Each site has a picnic table, and the forested area means that you don't feel like you are right on top of one another. We were able to fit two tents in our site, although it was a little bit of a squeeze. The communal fire area gives you a great experience to meet fellow campers, and is large enough that multiple groups can cook at once, as long as you aren't a fire hog! The bugs can get pretty bad, however, so bug spray is a must.
We had to walk the loop twice to find our perfect spot, but we also went during a meteor shower weekend and were lucky to find an empty site at all! LL Stub Stewart is full of great hiking and biking trails, and has a hilltop area that overlooks the park. There is even a small "dog park" area, along with a picnic shelter. Great for finding orchids in the spring, as well as rough skin newts.
Smith Rock always surprises me- here you are, driving through the farmlands of Central Oregon and BAM. There is Smith, rising out of the ground. Although there are no actual "sites", the area for tents is peppered with naturally formed sites amongst trees. You may need to search a little for some space, but I've always found a secluded spot for a tent or hammock. You may just have to move a few rocks out of the way. Parking can occasionally be a struggle if you get there late at night, but that just means a little bit more of a hike in.
There are no fires allowed, and all cooking is done in a communal area. Although this takes away from the "camping" experience of no s'mores, there is something to be said for joining fellow adventurers at meal times. There are plenty of picnic tables, and it's great to see what other people's set ups look like! There is a bathroom near the communal area, as well as a dish washing sink outside of the bathrooms. There is even an area at the bathroom to charge phones and other electronics. Showers are available.
The bivy sites are a short walk away to two different ways to get down into Smith Rock proper. You'll want to get an early start if you have specific routes in mind, especially on weekends or holidays. There is a drinking fountain at the bottom of the hill down to the climbing routes, right before crossing the river into a great network of trails.
This campground is GOLD! Definitely a popular place, but we managed to snag an amazing site next to a babbling creek, tucked down in trees and secluded from everyone else. There are a few restrooms with drinking fountains, and picnic tables/fire pits at each site.
The campground is full of hiking trails, including some that take you up to great views (also drivable, but half the fun is the hike!). There is a quarter mile trail that takes you to the Visitor Center that overlooks the ocean. Plenty of people were there watching for whales, but we unfortunately didn't see any. From the Visitor Center, there are several different trails to various geological formations such as Thor's Well, Devil's Churn, and Spouting Horn. It really shows the best of the Oregon coast.
The campground is within driving distance to other cool beaches and some amazing tide pools. It is also close to the adorable town of Yachats, which has everything the hungry camper could want. I highly recommend stopping at Yachats Brewing + Farmstore for a cold beer after a day of hiking.

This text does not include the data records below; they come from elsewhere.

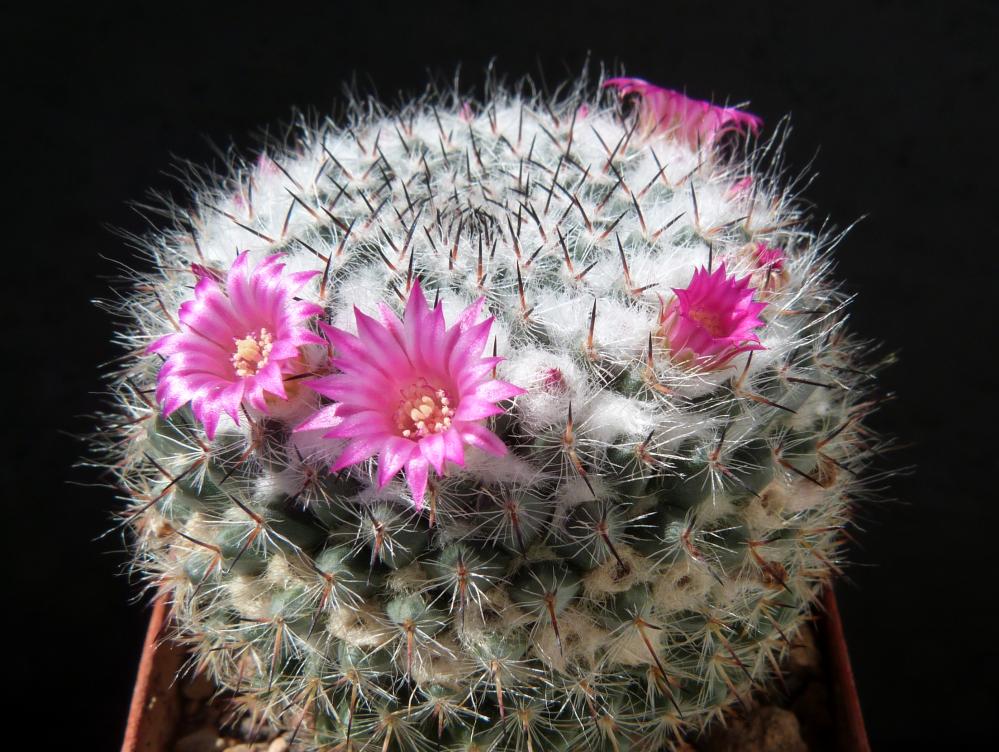 Mammillaria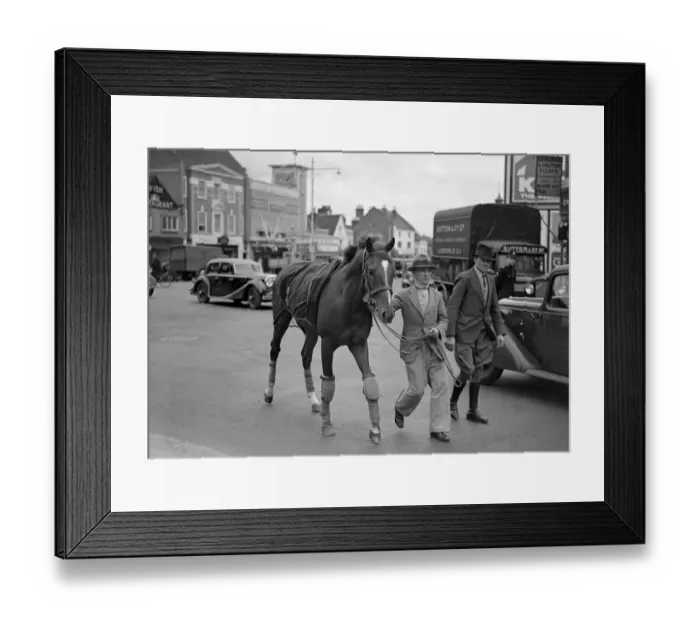 Framed Print : License ( The Kings Horse ) arriving at Epsom Racecourse, Surrey 31 May 1938 Framed Print : License ( The Kings Horse ) arriving at Epsom Racecourse, Surrey 31 May 1938
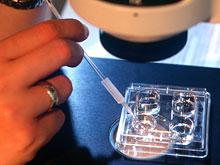 ������������� ���������� ������� �������� ������, ������� ������������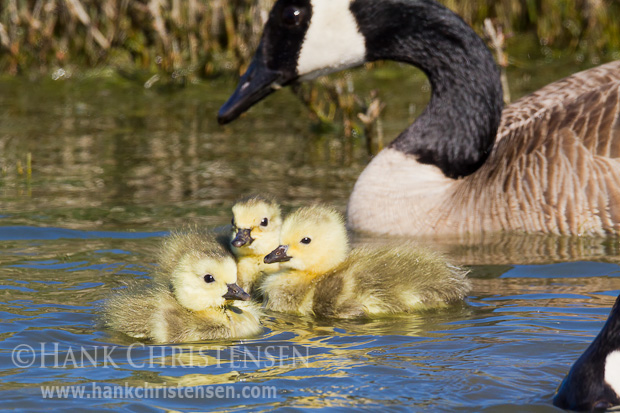 A canada goose keeps a careful eye on its young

Spent two nights in this great isolated spot- the first night we were the only ones there! The second night we were joined by several people who had car tents but we never felt like we were on top of one another. Wonderful flat area at the top of a hill that boast amazing views of the valley- gave us one of the best sunsets and moon rises that we have ever seen! There is a central pit toilet for all of the sites to share.
There is a fire tower a short distance away from the sites that you can walk up to the base of and hike around. Sites are also close drive to "Crack-in-the-Ground", which is a fascinating lava formation that makes for a good spot to hike around for half a day.
The road up to the site is washboard, so be prepared for a bumpy drive. There is a small store at Christmas Valley before the turnoff that has the essentials, including an emergency eyeglass repair kit when my husband was head butted by the dog. Oops!
The drive up to the campground looks like you are heading to a dairy farm, and lets just say those cows have the best ocean view of any other cows out there. This peaceful spot has a great hiking trail that takes you right to the ocean. There is a camp host on site, and the sites are evenly dispersed so you don't feel like you are on top of one another. The site we were in was tucked away, and we didn't feel disturbed at all! Best part, dogs allowed.
There is a flat marsh-area near the campground, which the tide comes far in at. So much so that there were people kayaking in it.
Not the traditional beach campsite, but absolutely gorgeous nevertheless.